Mostrei a bermuda para ele, que, logicamente, perguntou: “Como vou trocar de bermuda aqui?”. Sugeri que fôssemos juntos ao metrô, que fica na praça da igreja. Mas, então, um outro homem, morador do condomínio em frente, que estava saindo para levar seu cãozinho para passear, viu o que acontecia e nos disse: “Vamos tentar usar o banheiro daquele bar na esquina”. Ele atravessou a rua e entrou no bar. Eu fiquei esperando com o senhor, que reclamava:  

– Por que tá demorando tanto? É sim ou não! Não tem que esperar tanto! Eles não vão deixar…                                                                                                                        

Eu tentei tranquilizá-lo (se é que isso seria possível…) e pedi para ele aguardar e se acalmar.                                                                                                                   

Milagrosamente, eu acho, o homem nos chamou. Entramos. A moça do bar nos recebeu e indicou o banheiro. Meu amigo logo perguntou: “Como é que eu vou tirar essa bermuda?” Eu, então, desapertei o cinto dele. A bermuda já estava caindo. Ele pediu para eu recolher o dinheiro que havia nos vários bolsos – já sujos, é claro. Um homem que, penso, era o dono ou o gerente do bar, falou alto pra gente: “Vai ficar um peladão aí com o salão todo cheio?”                                                                                        

O banheiro, na verdade, era um reservado de dois metros quadrados que só tinha um vaso – nem pia tinha. O meu amigo entrou ali e ficou parado, em pé. Não conseguia fazer nada. Não tinha capacidade motora nem espaço para qualquer coisa. Dessa vez, eu lembrei do velho e sábio Pe. Germano: “Tem que amar até depois da vírgula…” – ou, no caso, até à merda… Me espremi, entrei no reservado e comecei a tirar a bermuda dele. As sandálias não ajudavam muito, mas ele conseguia pelo menos levantar os pés. Em seguida, com os lenços umedecidos, tentei limpar as pernas dele. Depois, consegui colocar a nova bermuda nele. E, por fim, o cinto, que tinha ficado da bermuda antiga, necessário para apertar a bermuda em um corpo tão magro.                  

Saímos do reservado. Eu estava com as mãos sujas, mas não via onde lavá-las.

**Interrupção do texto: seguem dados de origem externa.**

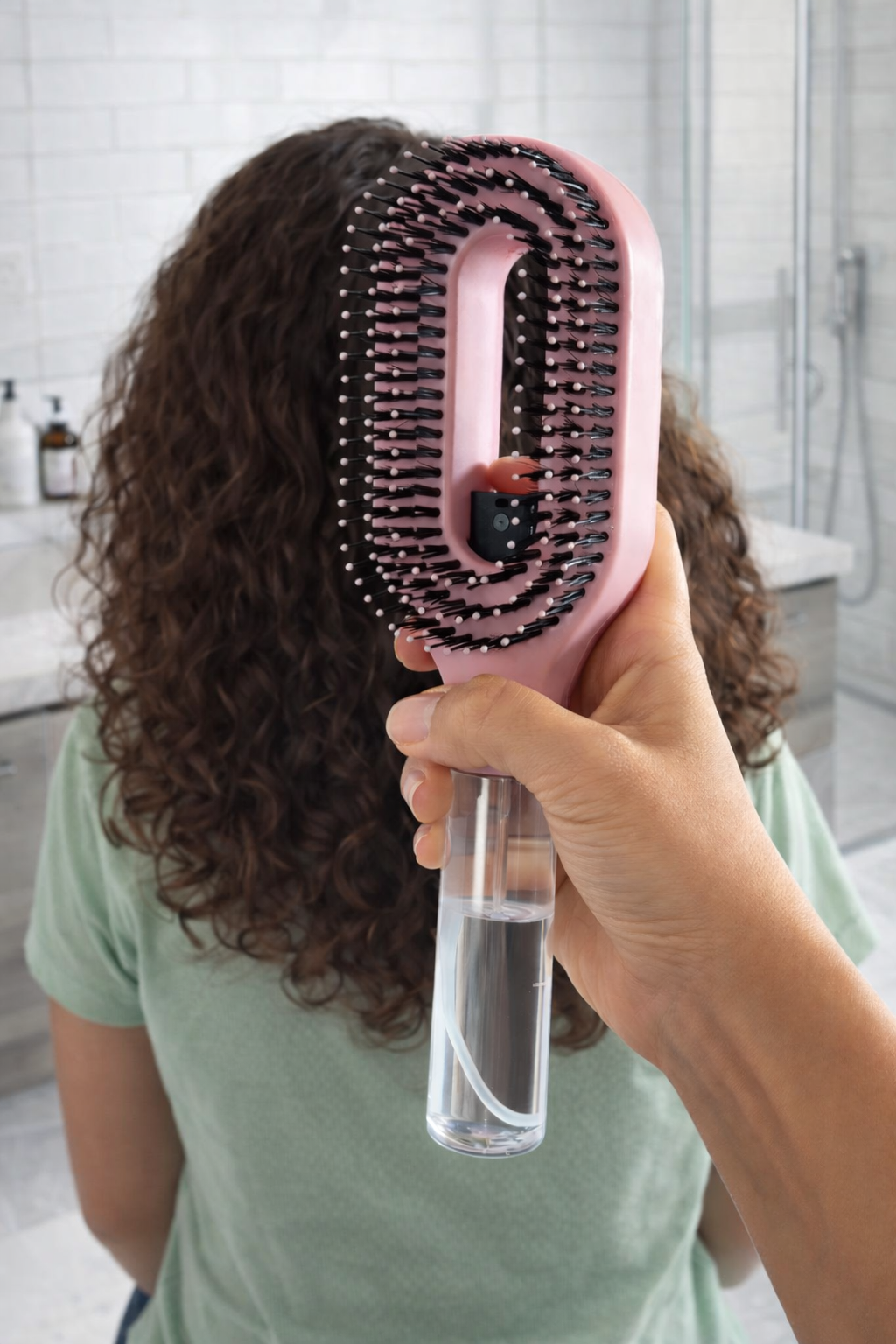 Detangling Hair Brush with Spray Bottle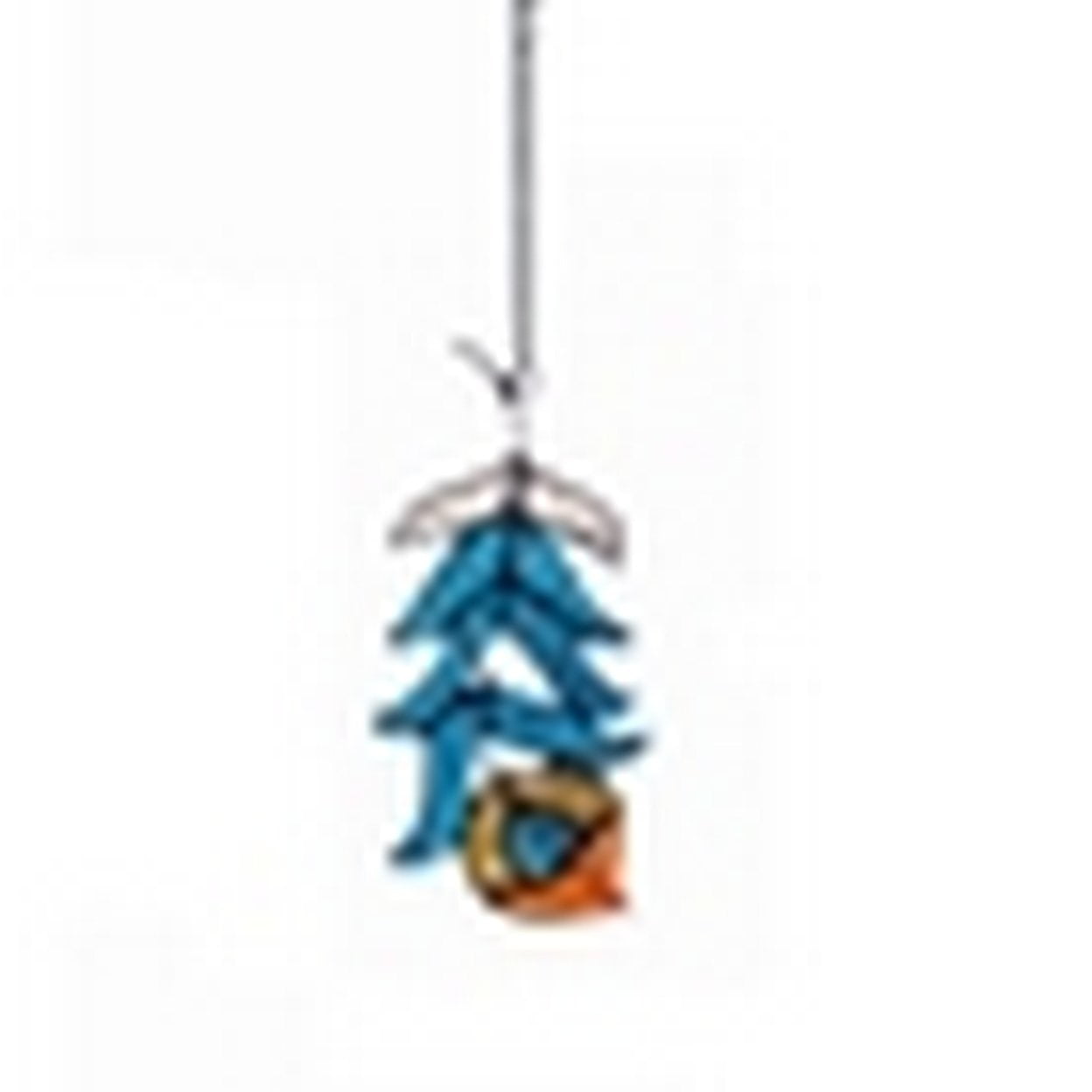 CHLOE Lighting FEATHER Tiffany-Style Stained Glass Window Panel 7" Tall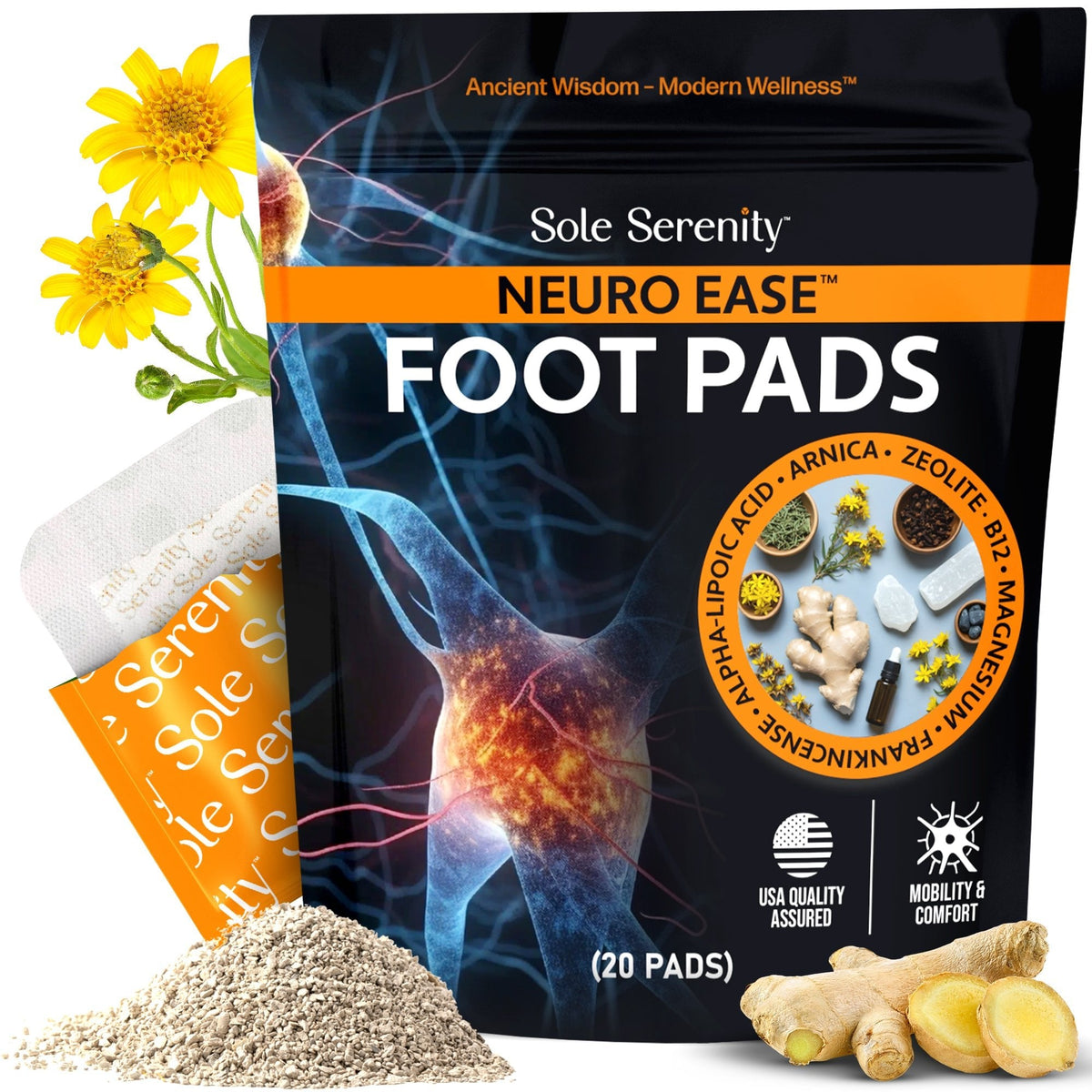 Neuropathy Nerve Discomfort Support Pads by Lure Essentials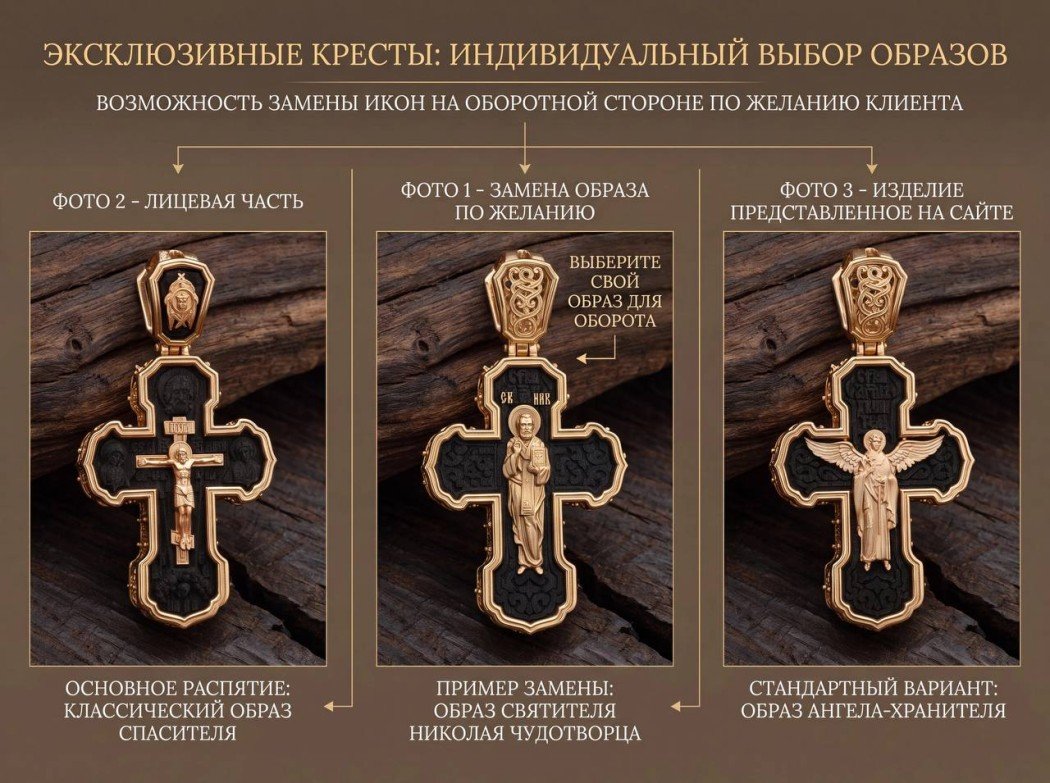 Эксклюзивные кресты: индивидуальный выбор образов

Assim mesmo, entreguei ao meu amigo a sacola com o sabonete, os lenços que sobraram e a comida que eu havia comprado na festa junina. Ele saiu do bar meio aturdido, perguntou “para que lado é o metrô?” e me disse:                                           

– Muito obrigado por cuidar de mim. Deus abençoe o senhor e a sua família.                

Voltei direto para casa. Eu sentia que, nessa uma hora de “aventura”, tinha “rezado” a melhor missa que poderia querer naquele domingo. Talvez não por coincidência, o Evangelho do dia era o do bom samaritano. Essa foi uma das poucas vezes em que me senti realmente vivendo o Evangelho ao pé da letra.